Vargo, of Hungarian and Ukrainian descent, was born the youngest son of Alex and Mary Vargo in the Pittsburgh suburb of Butler, Pennsylvania, where he continued to live throughout his life. In his youth he worked as a batboy and equipment manager with the Butler Yankees of the Class-D Pennsylvania State Association. After briefly playing as a catcher in the St. Louis Cardinals system, he served five years in the Army, where he began umpiring, and began his professional career in the Georgia–Florida League (1953–54, 1956), Piedmont League (1955), Eastern League (1957) and International League (1957–59). In his second year in the NL, he was rated the neatest umpire in the league in a Sporting News poll of writers, managers and coaches. He married Elizabeth Joan (Betty) Hunter on February 9, 1963; they had four children, sons Edward and David and daughters Karen and Kristin.

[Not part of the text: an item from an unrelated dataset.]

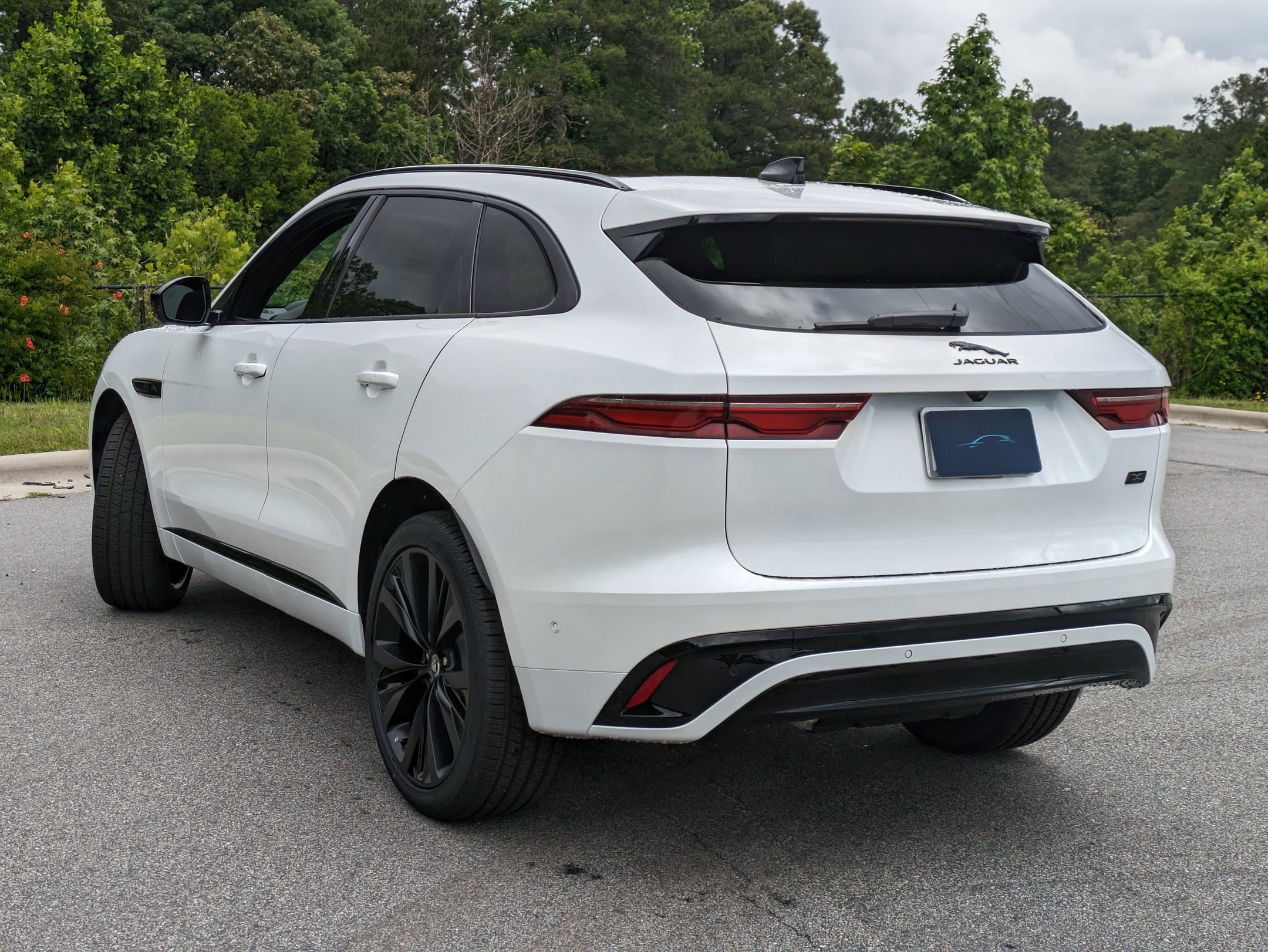 New 2026 Jaguar F-PACE R-Dynamic S image 8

Vargo officiated in the World Series in 1965, 1971, 1978 and 1983, serving as crew chief in 1978. He worked the NLCS in 1969 (the first NLCS), 1973, 1976 and 1980, and the All-Star Game in 1961 (first game), 1966, 1974 and 1981. He was the home plate umpire for Game 4 of the 1971 World Series, the Fall Classic's first night game.

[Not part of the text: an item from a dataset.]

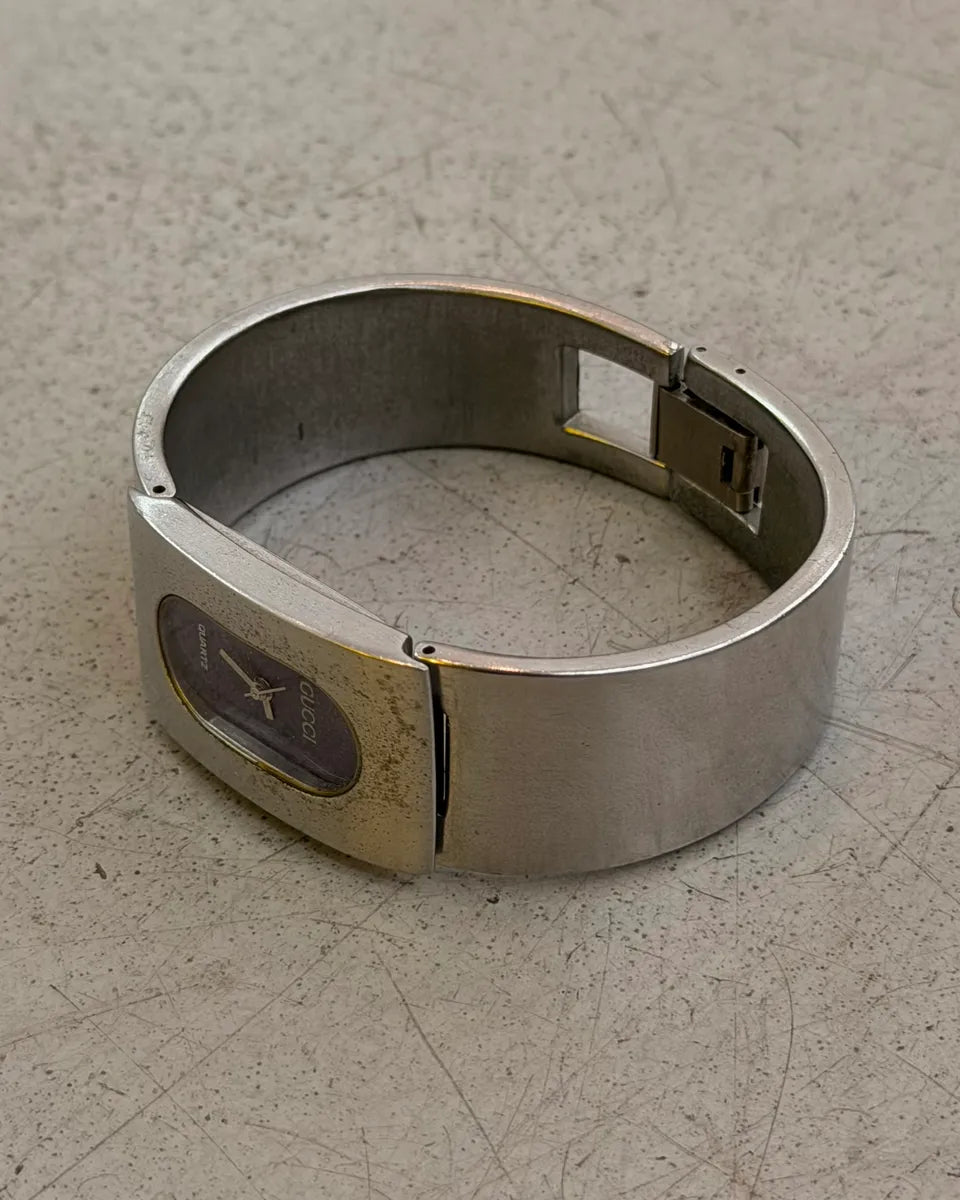 2000s Gucci Silver Stainless Steel Logo Watch QxOOgun 6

He officiated in eight no-hitters, calling three of them from behind the plate: Don Nottebart's 4–1 win for the Houston Colt .45s over the Philadelphia Phillies on May 17, 1963; Sandy Koufax's record-tying third no-hitter on June 4, 1964, a 3–0 Los Angeles Dodgers win over the Phillies; and Koufax's perfect game on September 9, 1965, a 1–0 win over the Chicago Cubs. Vargo is the only umpire to call no-hitters in three consecutive seasons, and one of only two umpires to call a no-hitter and perfect game by the same pitcher. (Eric Cooper has since joined him, calling balls and strikes for Mark Buehrle's two no-hitters; the perfect game was the latter of the two.) Vargo was also behind the plate on April 4, 1974, when Hank Aaron tied Babe Ruth's record of 714 career home runs. The jacket he wore for Koufax's perfect game, Aaron's record-tying game and the first World Series night game in 1971 was donated to the Baseball Hall of Fame by amateur umpire Ray Gouley, to whom Vargo had given it, once Gouley learned of its significance.

After retiring from umpiring, Vargo became a National League supervisor until 1997; he was inducted into the Western Pennsylvania Sports Hall of Fame in 1994. He died at his home in Butler at age 79, and was buried in Butler County Memorial Park Cemetery.